An epic Lord’s final was decided in seemingly arbitrary fashion after the teams were tied in a regulation one-day international as well as the super over.
In response, the International Cricket Council last month altered its tiebreak rule in knockout matches, which will now see any super over repeated until one side has more runs.
— Cricket World Cup (@cricketworldcup) July 14, 2019
Williamson said: “It’s not really a surprise. I genuinely think that no one ever thought that was going to happen (a World Cup being decided on boundary countback) and it did.
“At times, you think about how some of those decisions are made – probably sitting in a room and throwing a few ideas around. That’s all I can imagine. For it to actually happen is a pretty scary thing.
“It’s not really cricket and I think both teams appreciated that. I think everyone has played hundreds of games of cricket and never had one decided quite like that.
“It was hard to take. But it is what it is and they were the rules at the time, what you sign up for.

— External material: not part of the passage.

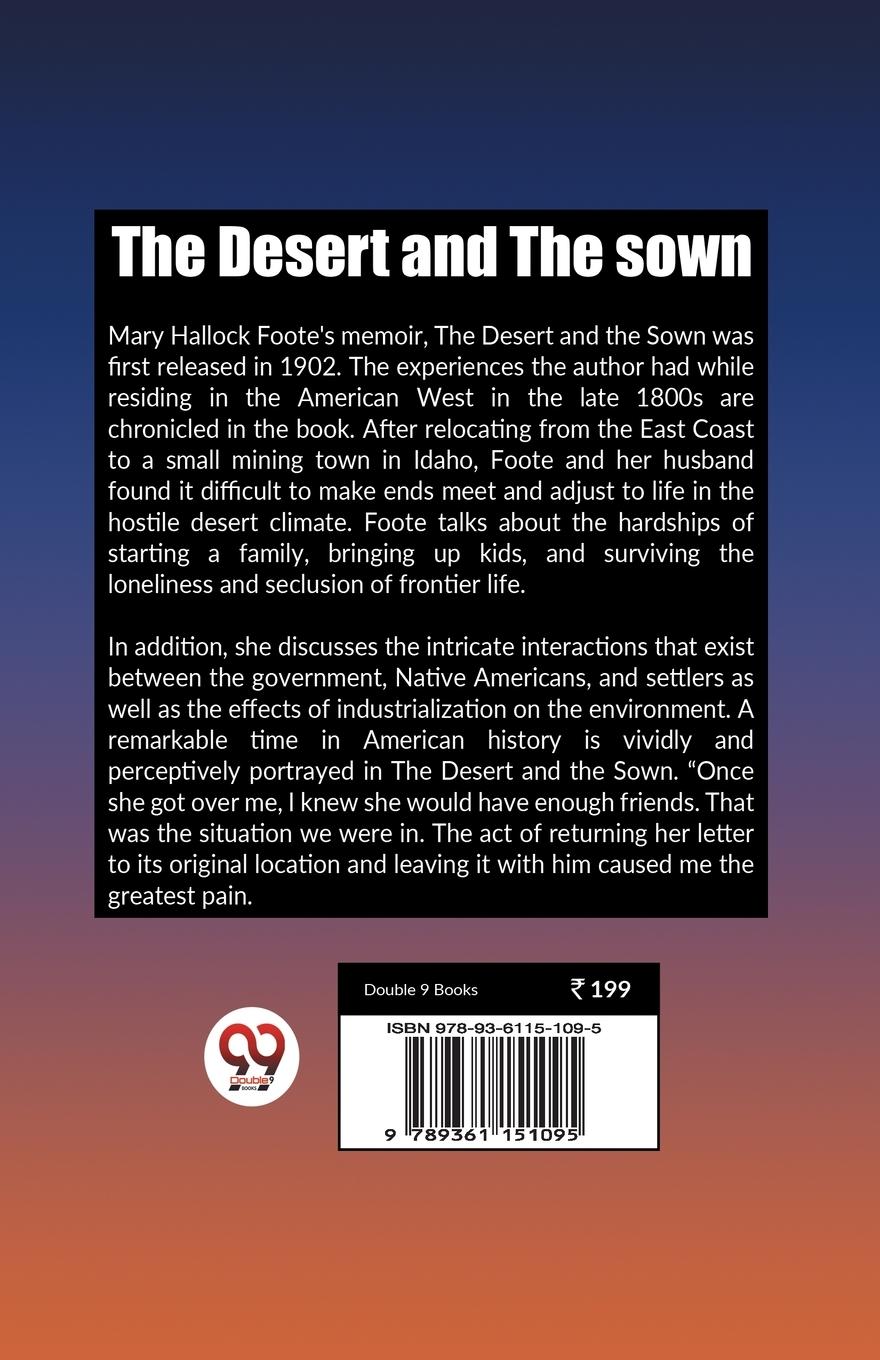 Rückseitencover The Desert And The Sown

But no surprises that (the boundary countback rule) has changed.”
Williamson refuses to dwell on what happened earlier this year ahead of the start of the two-Test series against the same opponents – his first meeting with England since the World Cup final.
He added: “Time has passed and cricket keeps coming thick and fast and you’re focusing on the challenge in hand and the next series. The focus is the here and now and that’s two Tests against England.”

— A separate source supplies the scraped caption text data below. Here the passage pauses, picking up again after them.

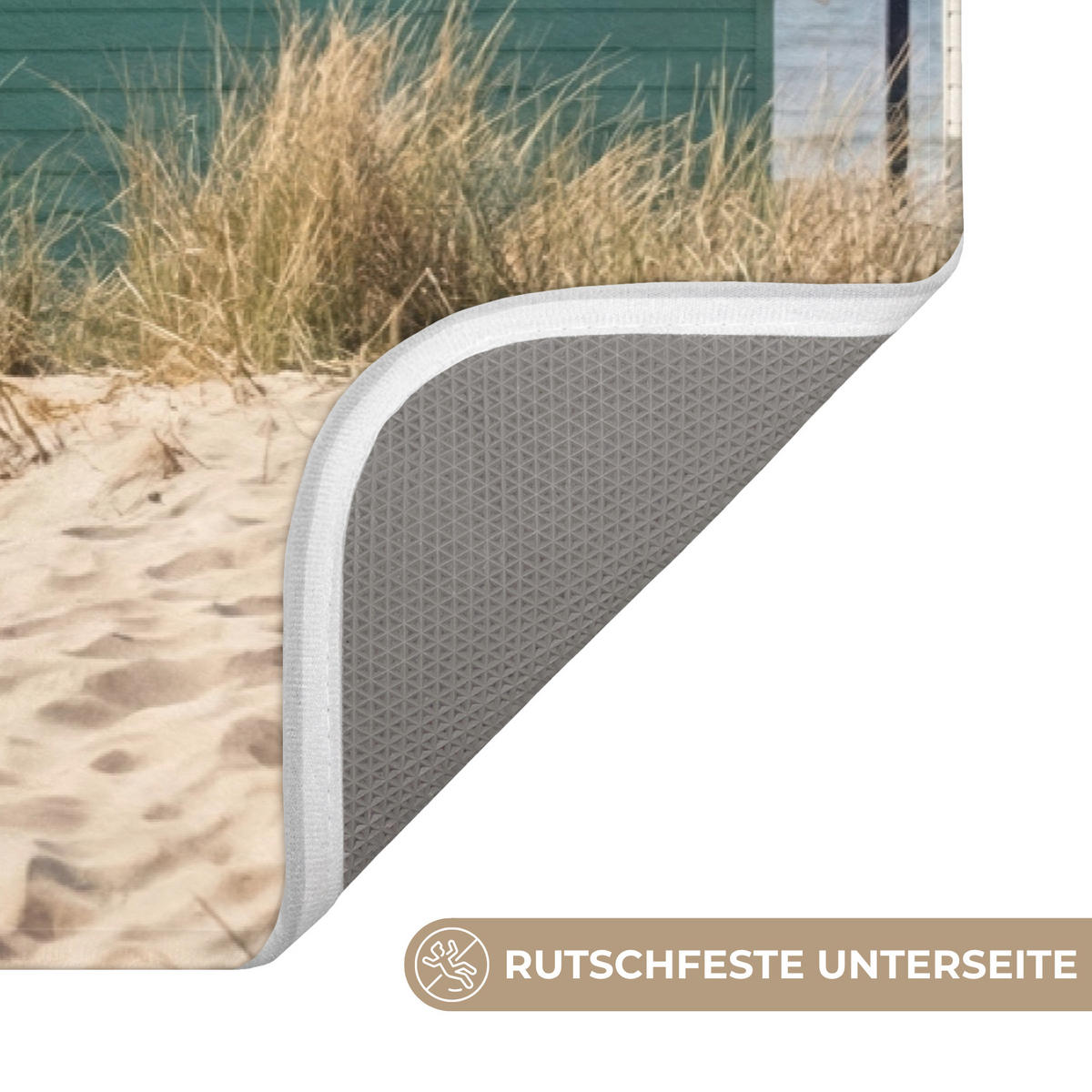 KOUPELNOVÁ PŘEDLOŽKA Pláž - Chaty - Barevné - Duny 80x50 cm - různobarevná, textil/plast (80/50cm) - OnlyWow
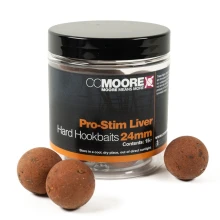 CC MOORE - Tvrdené boilies Pro-Stim Liver Hard Hookbaits 24 mm 15 ks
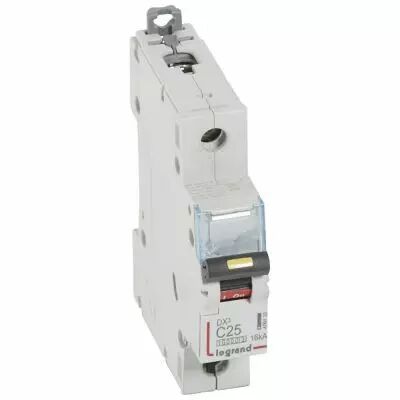 Disjoncteur DX� 10000-vis/vis-1P-230/400V~-25A-16kA-courbe C - 1M (409135)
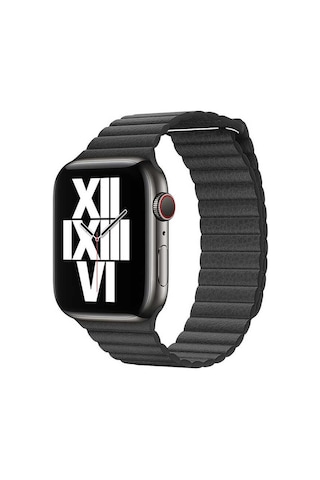 Watch 38mm Uyumlu Krd-09 Deri Lop Mkst Kordon-siyah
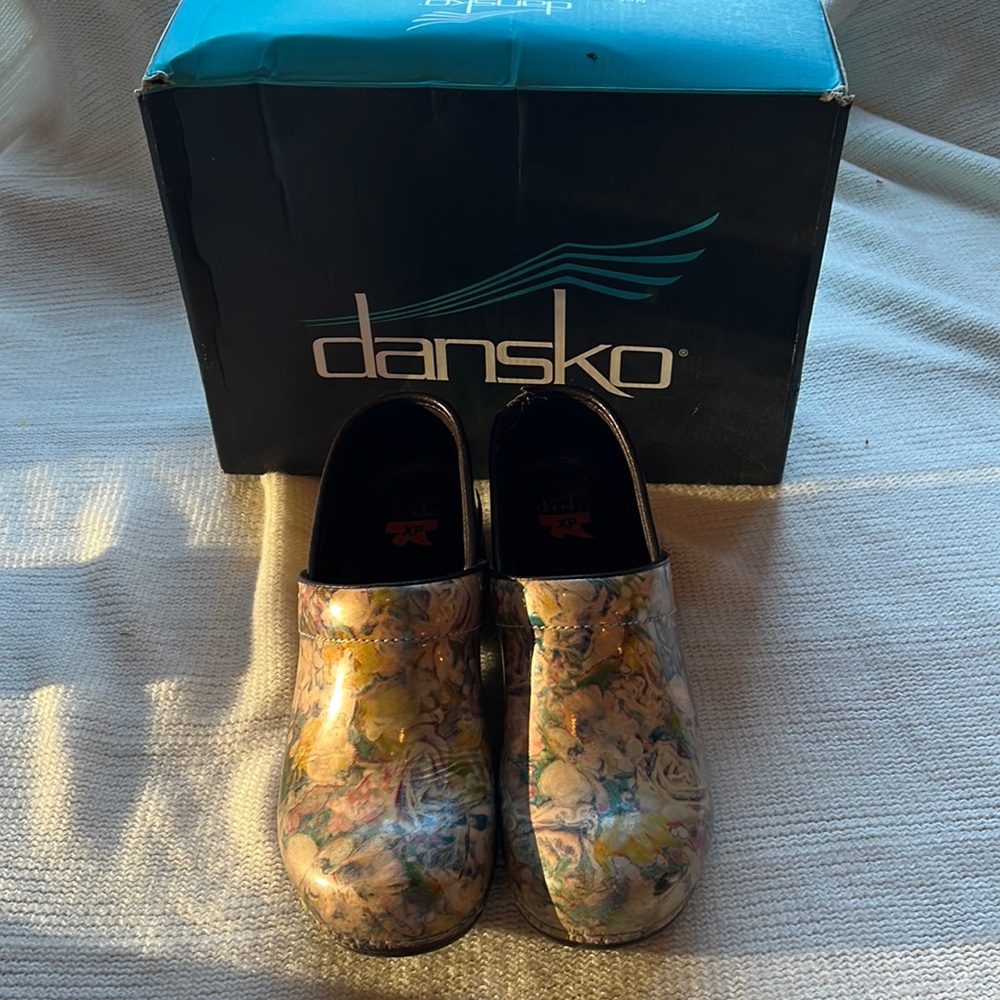 Floral Dansko Clogs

The Bay Oval in Mount Maunganui – 10 minutes from where Williamson was born – is set to host its first ever Test, which gets under way on Thursday.
Williamson said: “There’s a real sense of achievement that a Test is being played here.”
The teams’ latest meeting sees Williamson go up against former Yorkshire team-mate and current England captain Joe Root.
The pair are widely regarded as two of the best batsmen of their era but Williamson remembers a time when he attempted to learn from his counterpart.
Williamson said: “When he was around (at Yorkshire), we would chew the fat, discuss cricket and… ‘How do I become as good as you, Joe?’, try to pick his brains – that was more my angle.”
New Zealand could hand a Test debut to Lockie Ferguson, who has impressed in the limited-overs formats and the World Cup, in particular, where he finished as the second highest wicket-taker.
Comparisons have been made to Jofra Archer, given the pair are capable of regularly exceeding 90mph, but Williamson noted their differences.
He added: “They register at similar paces but they are quite different bowlers.
“Jofra is obviously taller and has a higher release with that extra bouncer. Lockie is skiddier. It’s always different – different actions, can depend on how you pick up the ball. They are both obviously brilliant bowlers.”